-- What the task requires --
The line containing "2022 Jeep Wrangler 4xe Unlimited Rubicon", and every line after it to the end of the listing, should be repeated exactly; the pictures should not.

(Input data)

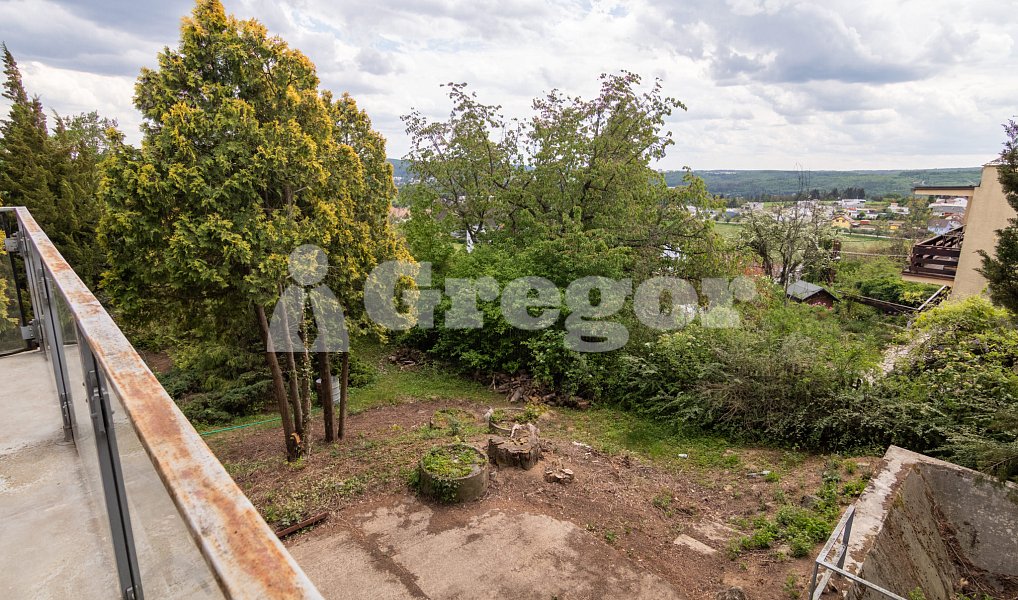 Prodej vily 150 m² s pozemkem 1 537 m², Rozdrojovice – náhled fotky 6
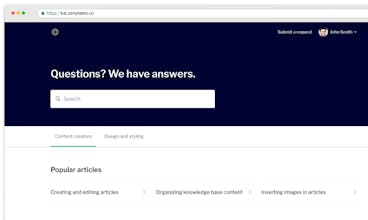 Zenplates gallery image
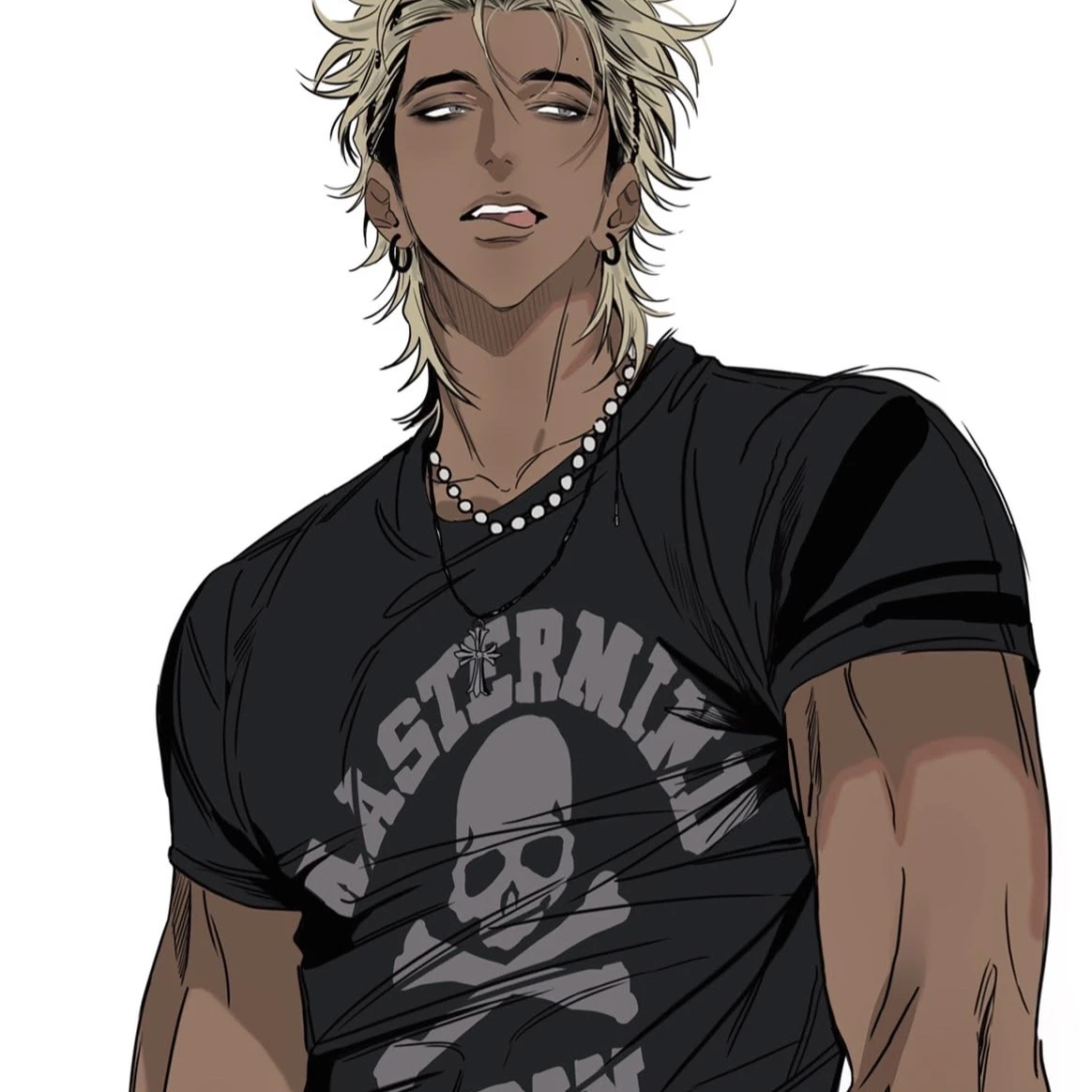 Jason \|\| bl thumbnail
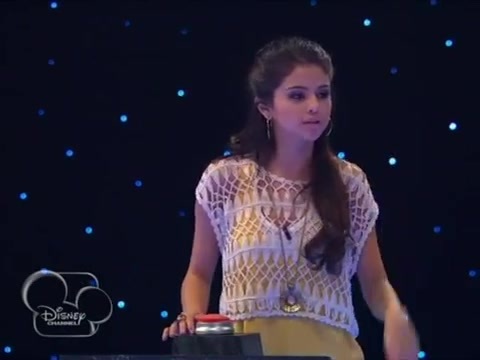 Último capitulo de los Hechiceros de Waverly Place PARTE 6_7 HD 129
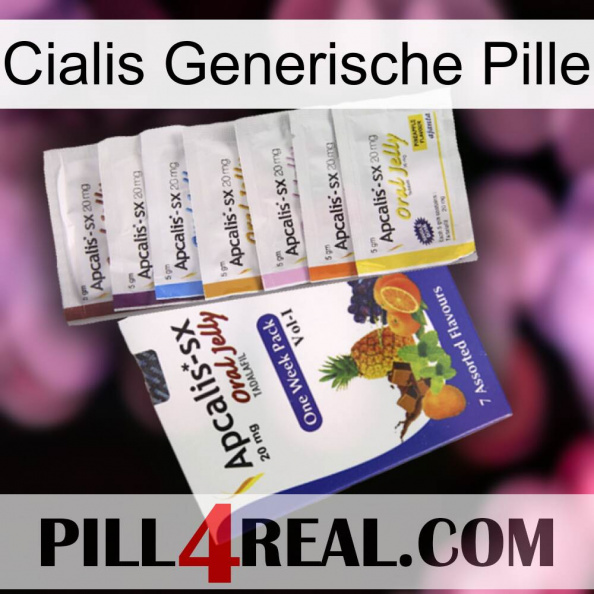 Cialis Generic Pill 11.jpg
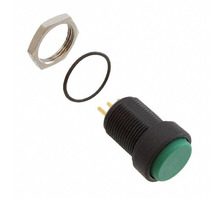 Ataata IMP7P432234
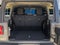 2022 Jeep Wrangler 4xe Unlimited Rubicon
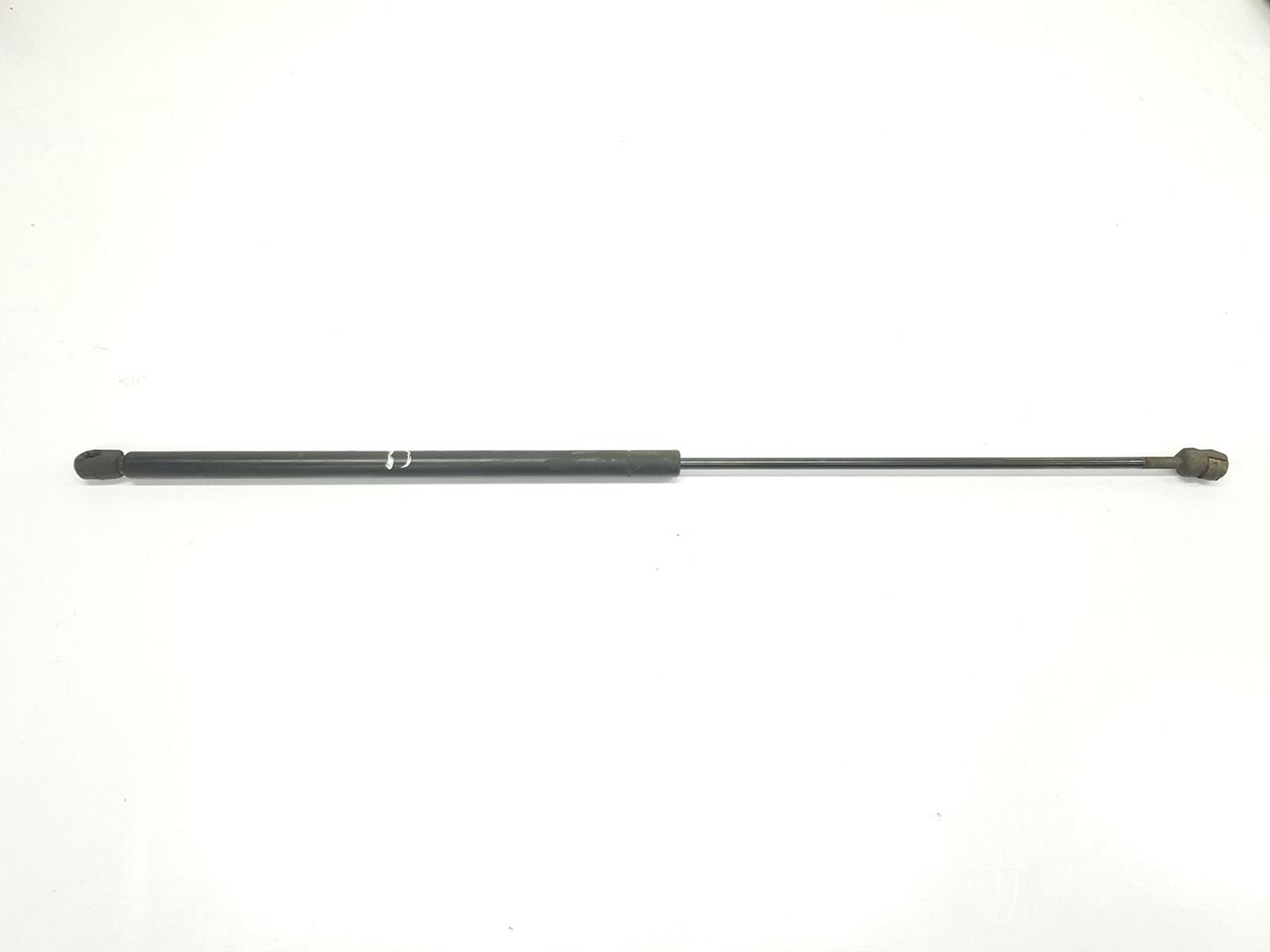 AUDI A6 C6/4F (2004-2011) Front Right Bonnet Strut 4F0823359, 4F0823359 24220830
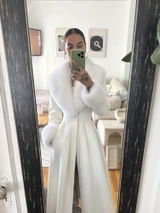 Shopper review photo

(End Input data)

-- Written answer --
 2022 Jeep Wrangler 4xe Unlimited Rubicon
 AUDI A6 C6/4F (2004-2011) Front Right Bonnet Strut 4F0823359, 4F0823359 24220830
 Shopper review photo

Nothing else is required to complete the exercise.